Reputation: 848
I am having an issue where I have AIS data of several trips from Rotterdam to Hamburg. The route is split into 6 sectors, with the sector borders pre-defined for the route, and I need to know where and when a ship entered the next sector. I tried just using the last record within a sector, but the data's resolution isn't high enough for that. So I would like to interpolate the time and longitude based on the latitude of the sector border.
You can see the borders I decided on for this trip in the following image. The longitude of crossing the border is always exactly on the border line. What I need to determine is the latitude at which this line is crossed by a ship.
My DataFrame looks like this:
TripID time Latitude Longitude SectorID
0 42 7 52.9 4.4 1
1 42 8 53.0 4.6 1
2 42 9 53.0 4.7 1
3 42 10 53.1 4.9 2
4 5 9 53.0 4.5 1
5 5 10 53.0 4.7 1
6 5 11 53.2 5.0 2
7 5 12 53.3 5.2 2
where the border between sectors 1 and 2 is pre-defined at longitude 4.8, so I would like to interpolate both the latitude and time at longitude 4.8 for each trip and sector border. I'm guessing a good solution will involve something like df.groupby(['TripID', 'SectorID'])
.
I tried adding an entry for each trip and sector that only has the Latitude of the sector's border in it and then using interpolate
, but adding the entries takes about an hour for me and interpolating the missing values crashes right away.
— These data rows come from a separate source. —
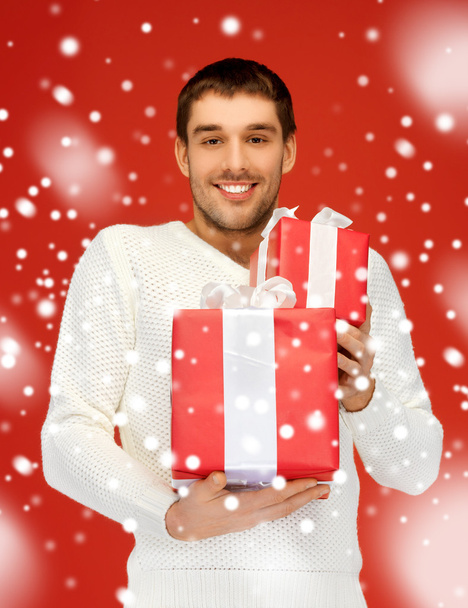 Man holding many gift boxes - Photo, Image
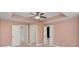 Cozy bedroom with tray ceiling, ceiling fan, and neutral paint provides a relaxing atmosphere at 1958 Dillon Dr, Lithonia, GA 30058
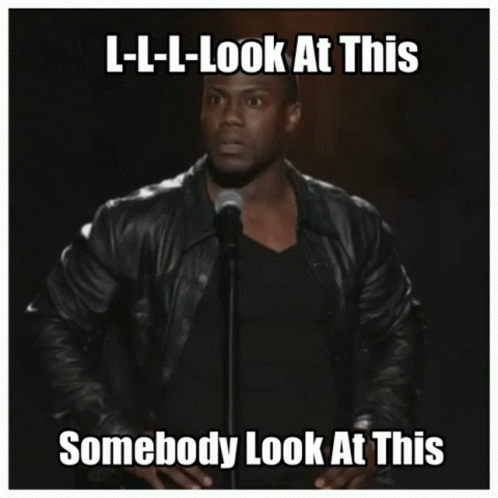 A Man In A Leather Jacket Stands In Front Of A Microphone With The Caption L-L-L-Look At This GIF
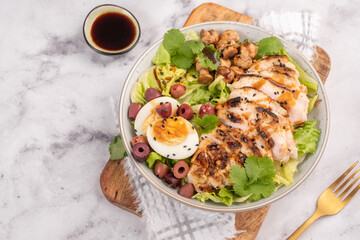 Green salad with baked chicken breast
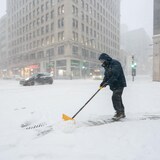 Un homme pellette de la neige dans le centre-ville de Montréal.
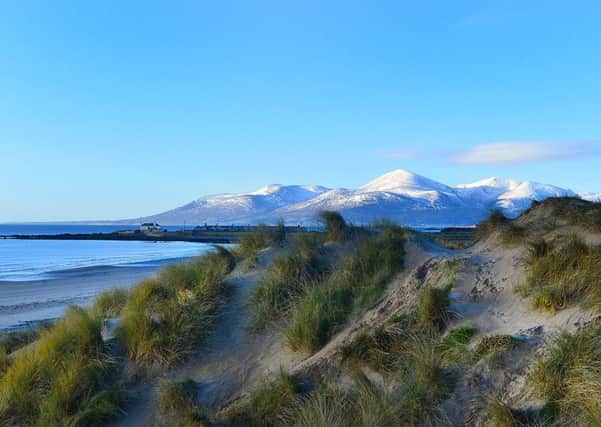 Tyrella beach, Downpatrick, County Down with the snow topped Mountains of Mourne in the distance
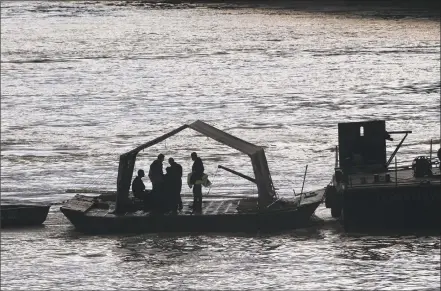  ?? Getty Images / Getty Images ?? Hungarian authoritie­s on Thursday search for remains from a tourist boat that capsized on the Danube River the night before, killing at least seven people, in Budapest, Hungary.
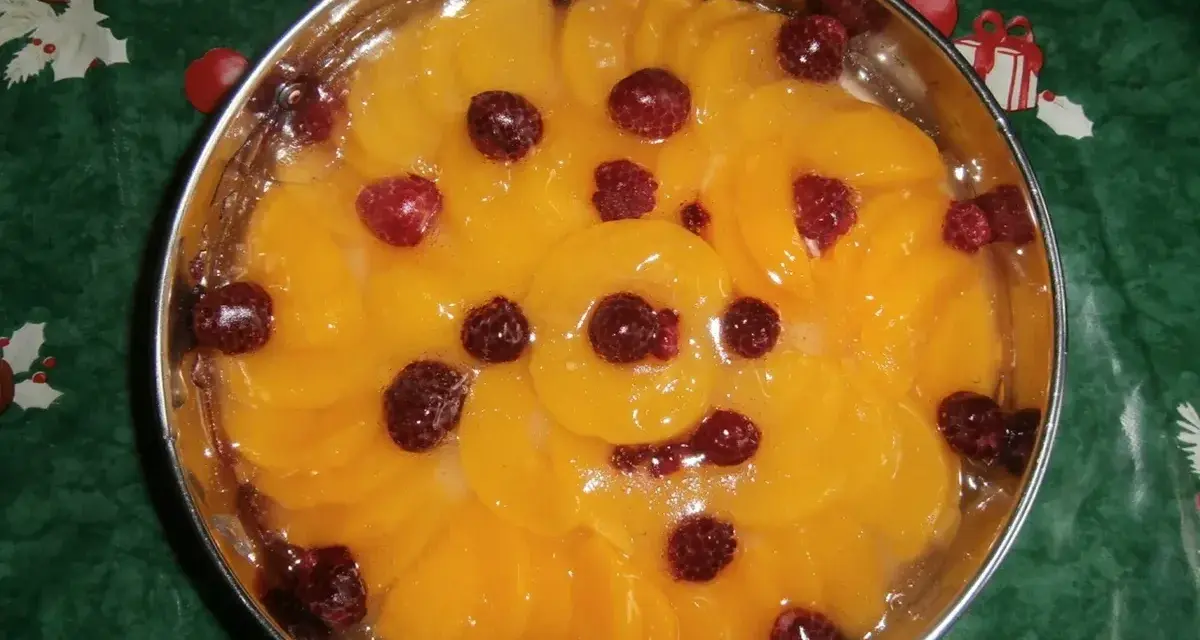 Fruchtiger Tortenboden ohne Ei, belegt mit Pfirsichspalten und Himbeeren in Gelee.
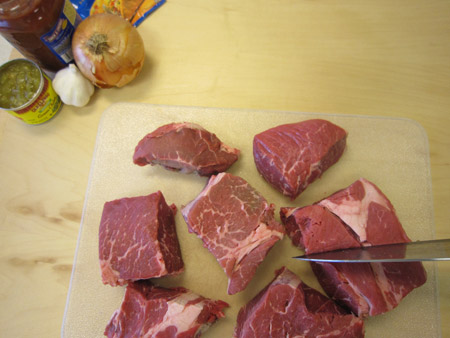 cutting meat, chuck roast, meat pieces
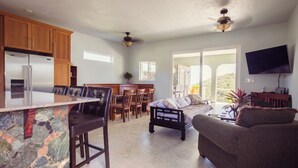 A spacious kitchen with a stone countertop, wooden cabinets, and a dining area with a table and chairs.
The result I'm looking for should look like this:
TripID time Latitude Longitude SectorID
0 42 7 52.9 4.4 1
1 42 8 53.0 4.6 1
2 42 9 53.0 4.7 1
8 42 9.5 53.05 4.8 1
3 42 10 53.1 4.9 2
4 5 9 53.0 4.5 1
5 5 10 53.0 4.7 1
9 5 10.3 53.06 4.8 1
6 5 11 53.2 5.0 2
7 5 12 53.3 5.2 2
I would also be happy about and able to work with a result that looks like this:
TripID SectorID leave_lat leave_lon leave_time
42 1 53.05 4.8 9.5
5 1 53.06 4.8 10.3
Please ask, if my description of the problem isn't quite clear.
Upvotes: 2
Views: 1058
Reputation: 848
I solved the issue in a different way. Because this solved the problem for me, but isn't the exact solution I asked for, I will accept Mr. T's answer. I am posting this for the sake of completeness anyway, so here is my solution:
Starting with the DataFrame df
from my question
TripID time Latitude Longitude SectorID
0 42 7 52.9 4.4 1
1 42 8 53.0 4.6 1
2 42 9 53.0 4.7 1
3 42 10 53.1 4.9 2
4 5 9 53.0 4.5 1
5 5 10 53.0 4.7 1
6 5 11 53.2 5.0 2
7 5 12 53.3 5.2 2
I used this code
df = df.sort_values('time')
df['next_lat'] = df.groupby('TripID')['Latitude'].shift(-1)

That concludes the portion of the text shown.